__Exercise prompt__
Line by line, return the listing exactly, without any of the images.

__Given material__
[Start of section]
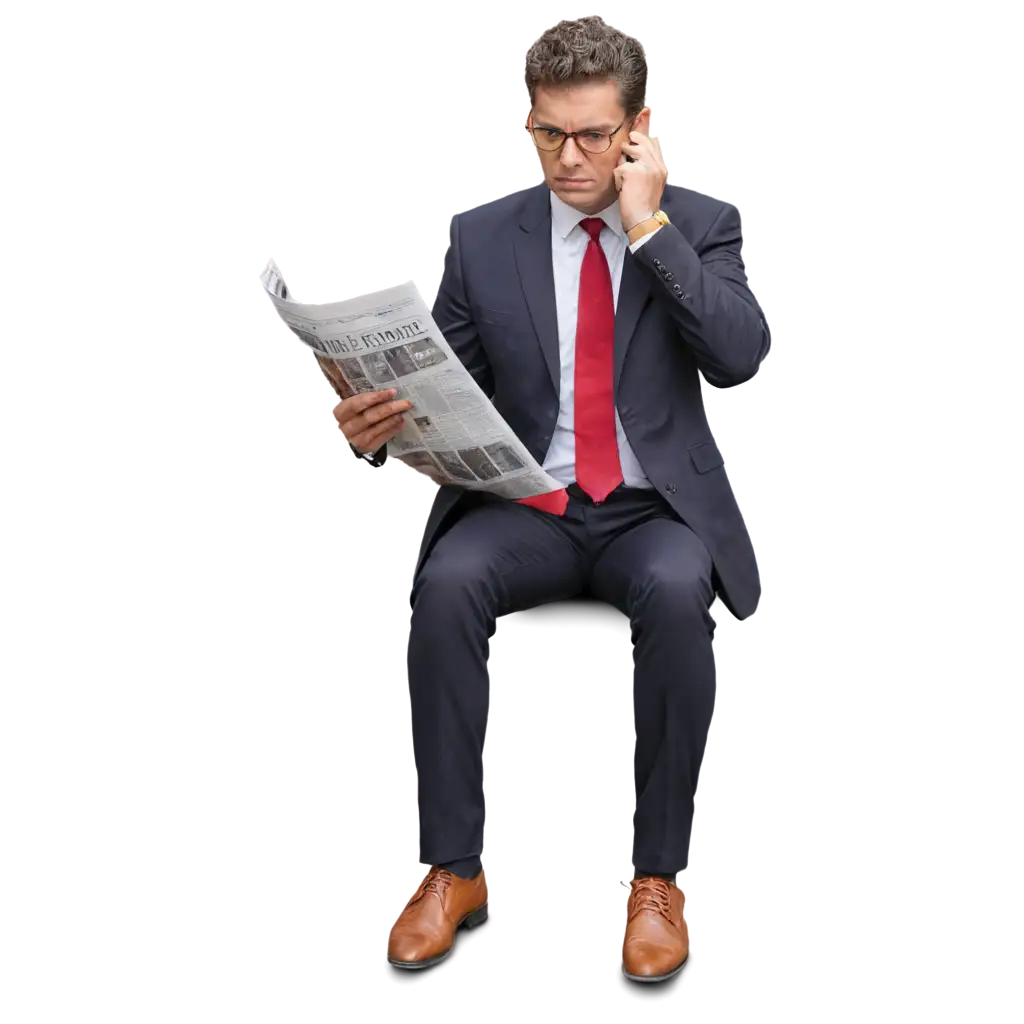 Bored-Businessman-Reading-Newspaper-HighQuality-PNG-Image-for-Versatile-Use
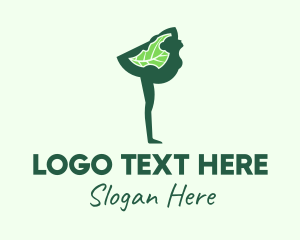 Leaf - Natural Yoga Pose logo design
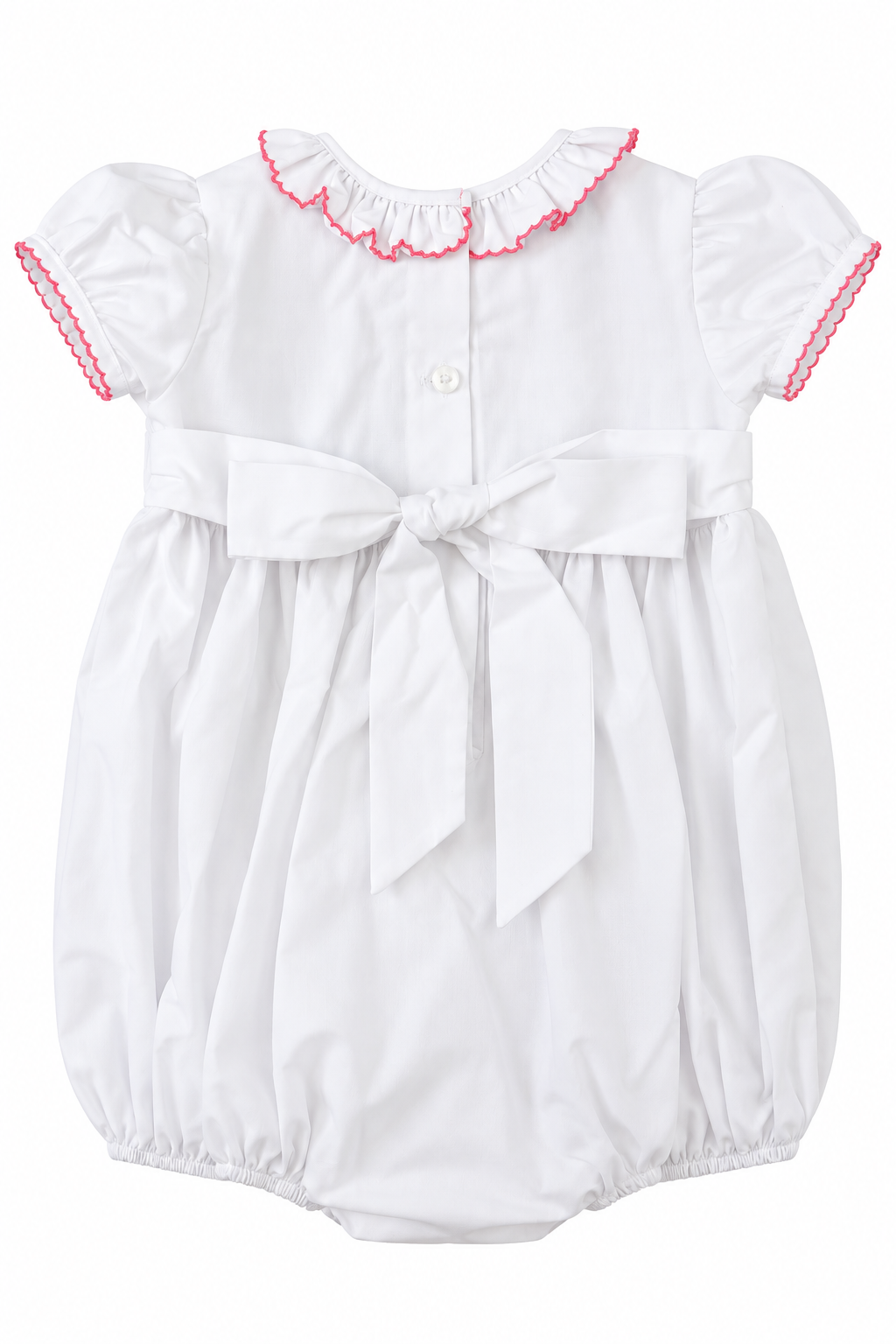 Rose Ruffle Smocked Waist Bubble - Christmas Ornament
[End of section]
__Response__
 Bored-Businessman-Reading-Newspaper-HighQuality-PNG-Image-for-Versatile-Use
 Leaf - Natural Yoga Pose logo design
 Rose Ruffle Smocked Waist Bubble - Christmas Ornament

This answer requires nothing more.